■ WORK REQUEST
Look through the entries below for the line with "Jumbo Jesus Necklace, 14k" and the line with "Сумка планшет Yves", then give again exactly those two lines and all lines between them, minus the pictures.

-------- SUPPLIED RECORDS --------

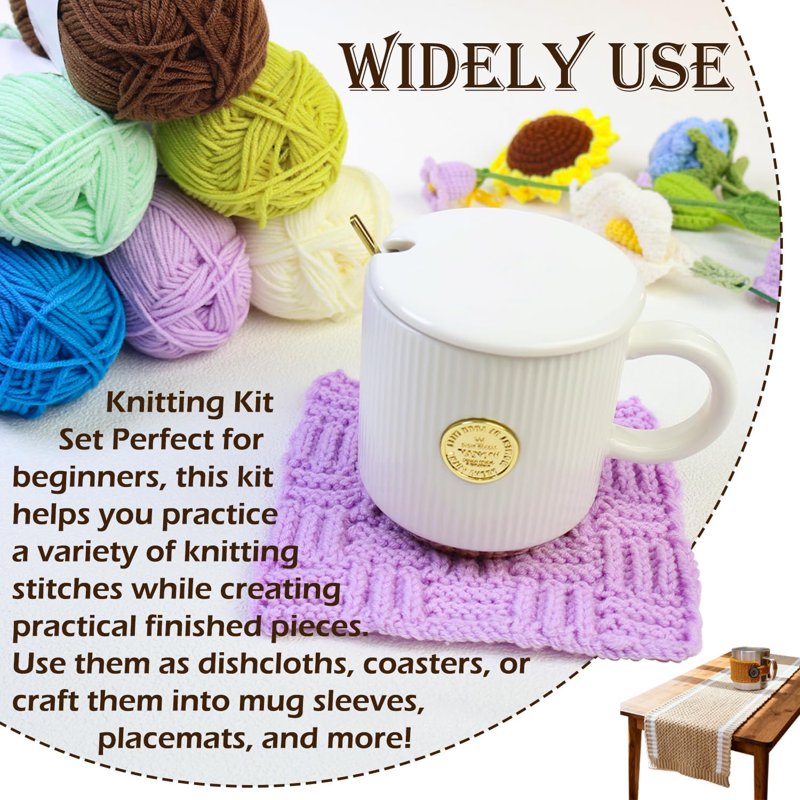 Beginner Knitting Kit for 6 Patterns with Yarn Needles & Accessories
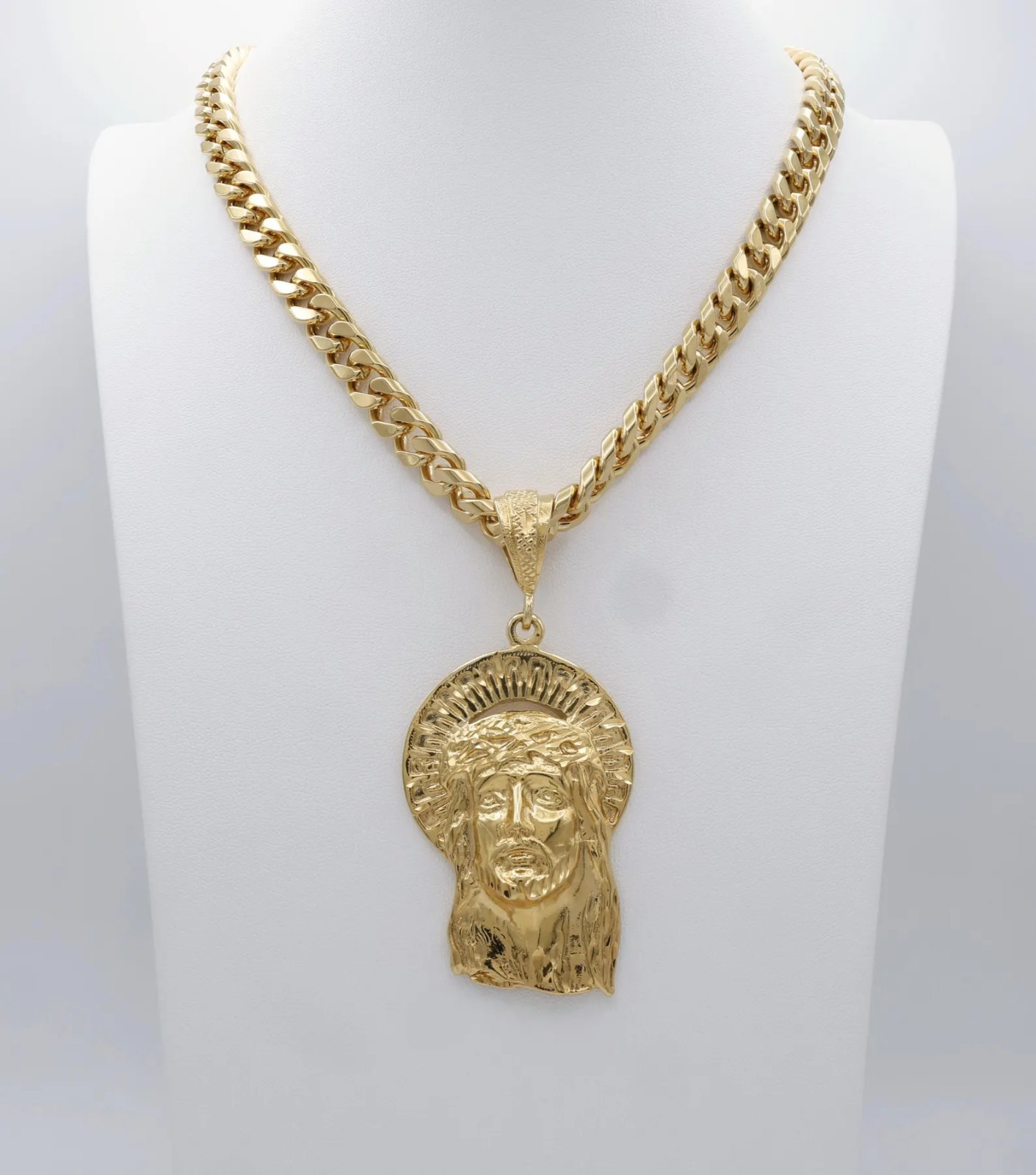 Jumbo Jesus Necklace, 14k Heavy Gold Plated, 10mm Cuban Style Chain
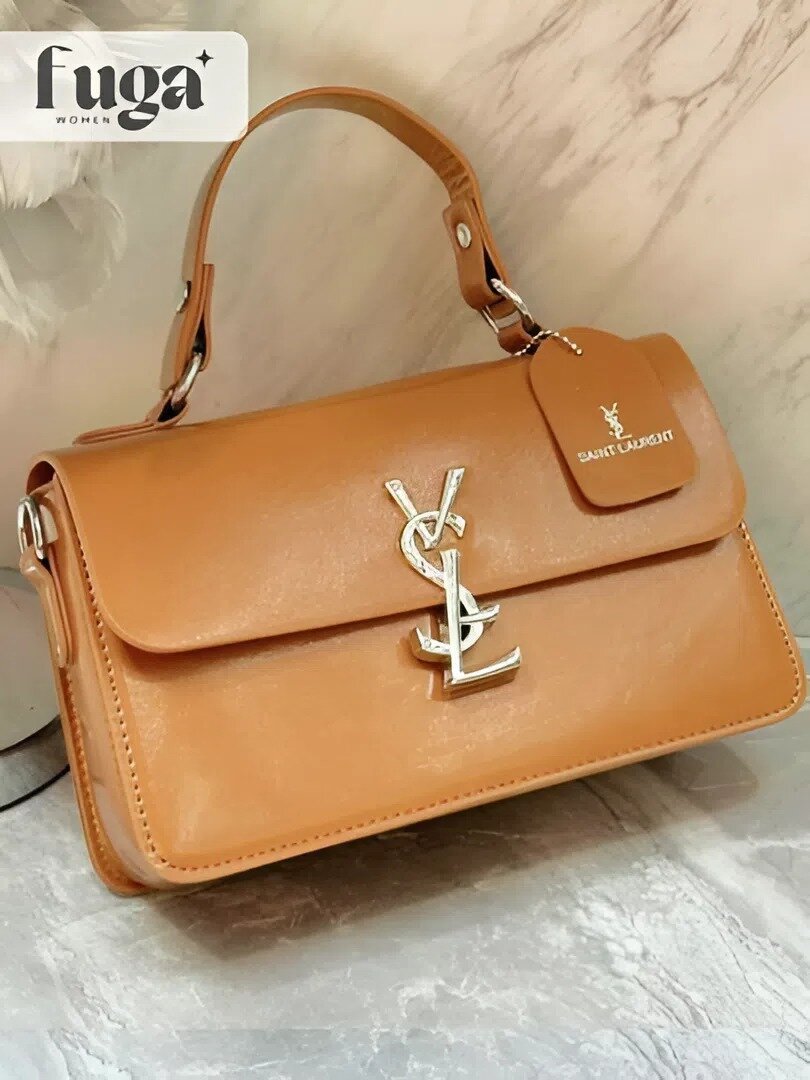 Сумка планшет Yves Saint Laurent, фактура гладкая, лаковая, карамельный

--------
-------- SUPPLIED RECORDS --------

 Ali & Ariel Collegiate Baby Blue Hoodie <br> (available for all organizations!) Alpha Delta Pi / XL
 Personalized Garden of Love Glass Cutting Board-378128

--------
-------- SUPPLIED RECORDS --------

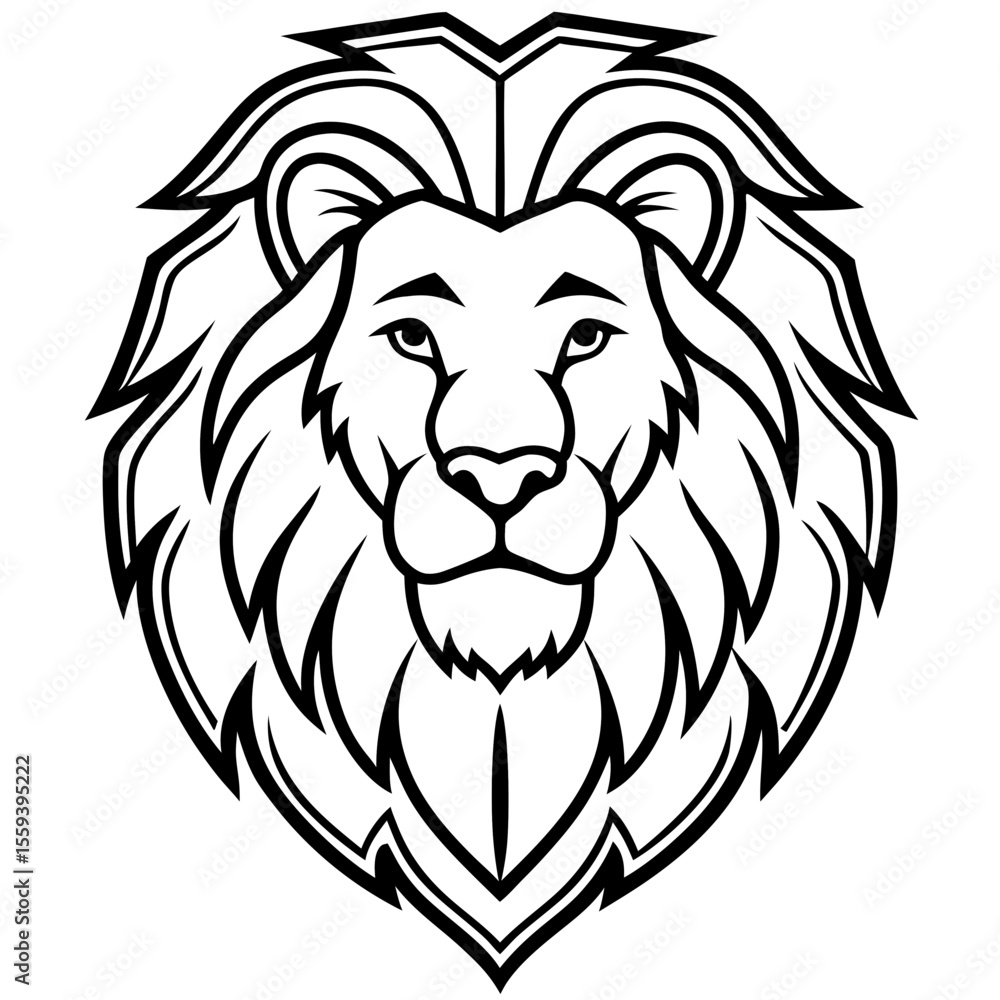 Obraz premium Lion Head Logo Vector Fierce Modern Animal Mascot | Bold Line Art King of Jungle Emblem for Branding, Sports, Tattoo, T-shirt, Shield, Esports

--------

■ WRITTEN RESPONSE
 Jumbo Jesus Necklace, 14k Heavy Gold Plated, 10mm Cuban Style Chain
 Сумка планшет Yves Saint Laurent, фактура гладкая, лаковая, карамельный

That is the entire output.